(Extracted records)

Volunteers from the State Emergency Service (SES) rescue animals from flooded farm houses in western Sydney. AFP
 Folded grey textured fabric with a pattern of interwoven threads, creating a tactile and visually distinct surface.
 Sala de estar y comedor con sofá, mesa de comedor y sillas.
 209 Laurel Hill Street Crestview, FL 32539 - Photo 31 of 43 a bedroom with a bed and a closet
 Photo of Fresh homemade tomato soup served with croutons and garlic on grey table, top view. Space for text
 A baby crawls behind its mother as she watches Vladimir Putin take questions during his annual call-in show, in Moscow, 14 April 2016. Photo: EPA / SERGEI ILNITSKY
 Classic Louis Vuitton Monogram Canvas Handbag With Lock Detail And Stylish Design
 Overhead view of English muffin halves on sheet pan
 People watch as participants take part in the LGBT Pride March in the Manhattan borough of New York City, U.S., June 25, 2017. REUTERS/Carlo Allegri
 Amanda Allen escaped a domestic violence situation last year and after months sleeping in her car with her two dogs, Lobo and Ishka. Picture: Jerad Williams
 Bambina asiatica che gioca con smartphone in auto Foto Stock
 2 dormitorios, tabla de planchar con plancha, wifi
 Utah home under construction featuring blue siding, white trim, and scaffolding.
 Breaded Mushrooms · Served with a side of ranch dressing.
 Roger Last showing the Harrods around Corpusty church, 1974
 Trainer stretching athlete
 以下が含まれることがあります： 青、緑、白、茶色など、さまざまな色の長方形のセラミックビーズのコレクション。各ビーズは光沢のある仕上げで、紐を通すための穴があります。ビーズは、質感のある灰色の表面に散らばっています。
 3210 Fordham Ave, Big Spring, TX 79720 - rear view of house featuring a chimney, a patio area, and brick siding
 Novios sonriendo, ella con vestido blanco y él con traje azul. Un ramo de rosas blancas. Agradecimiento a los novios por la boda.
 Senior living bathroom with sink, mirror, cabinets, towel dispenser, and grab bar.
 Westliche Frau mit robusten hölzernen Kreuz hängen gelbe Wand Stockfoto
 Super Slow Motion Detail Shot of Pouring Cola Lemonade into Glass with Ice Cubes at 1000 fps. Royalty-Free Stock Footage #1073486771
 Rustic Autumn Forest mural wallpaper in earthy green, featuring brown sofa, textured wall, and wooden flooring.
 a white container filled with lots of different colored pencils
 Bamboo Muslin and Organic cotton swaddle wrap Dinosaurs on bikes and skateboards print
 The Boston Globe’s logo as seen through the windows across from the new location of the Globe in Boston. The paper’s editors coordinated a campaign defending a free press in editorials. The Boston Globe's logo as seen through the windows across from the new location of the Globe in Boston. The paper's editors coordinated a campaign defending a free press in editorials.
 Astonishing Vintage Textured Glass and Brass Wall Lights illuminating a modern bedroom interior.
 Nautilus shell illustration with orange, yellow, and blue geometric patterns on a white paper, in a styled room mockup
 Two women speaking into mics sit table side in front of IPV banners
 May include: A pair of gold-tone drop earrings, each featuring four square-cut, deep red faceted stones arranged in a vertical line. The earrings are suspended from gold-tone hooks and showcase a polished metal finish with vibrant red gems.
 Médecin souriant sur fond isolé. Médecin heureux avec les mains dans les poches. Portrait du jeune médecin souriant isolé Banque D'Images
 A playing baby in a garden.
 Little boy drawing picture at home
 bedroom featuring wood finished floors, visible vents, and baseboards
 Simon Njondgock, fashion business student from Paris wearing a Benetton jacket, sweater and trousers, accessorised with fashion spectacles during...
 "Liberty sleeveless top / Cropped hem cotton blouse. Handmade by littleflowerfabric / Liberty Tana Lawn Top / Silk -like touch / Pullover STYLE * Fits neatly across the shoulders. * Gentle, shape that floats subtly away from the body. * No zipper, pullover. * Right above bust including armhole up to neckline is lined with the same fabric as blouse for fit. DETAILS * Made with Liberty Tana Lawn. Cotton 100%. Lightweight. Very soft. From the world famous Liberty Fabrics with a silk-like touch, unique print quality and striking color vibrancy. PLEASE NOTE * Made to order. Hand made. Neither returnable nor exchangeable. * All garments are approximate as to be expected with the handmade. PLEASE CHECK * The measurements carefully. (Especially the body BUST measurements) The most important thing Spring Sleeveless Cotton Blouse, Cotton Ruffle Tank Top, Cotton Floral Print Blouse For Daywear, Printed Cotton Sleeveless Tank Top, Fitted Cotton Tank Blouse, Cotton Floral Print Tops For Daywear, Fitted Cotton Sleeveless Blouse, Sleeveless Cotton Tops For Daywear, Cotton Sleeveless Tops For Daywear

# [Problem requirements]
Extract from the records above the lines from the one containing "Amanda Allen escaped" to the one containing "3210 Fordham Ave, Big", both lines included, exactly as they appear and with nothing else.

# [Final answer]
 Amanda Allen escaped a domestic violence situation last year and after months sleeping in her car with her two dogs, Lobo and Ishka. Picture: Jerad Williams
 Bambina asiatica che gioca con smartphone in auto Foto Stock
 2 dormitorios, tabla de planchar con plancha, wifi
 Utah home under construction featuring blue siding, white trim, and scaffolding.
 Breaded Mushrooms · Served with a side of ranch dressing.
 Roger Last showing the Harrods around Corpusty church, 1974
 Trainer stretching athlete
 以下が含まれることがあります： 青、緑、白、茶色など、さまざまな色の長方形のセラミックビーズのコレクション。各ビーズは光沢のある仕上げで、紐を通すための穴があります。ビーズは、質感のある灰色の表面に散らばっています。
 3210 Fordham Ave, Big Spring, TX 79720 - rear view of house featuring a chimney, a patio area, and brick siding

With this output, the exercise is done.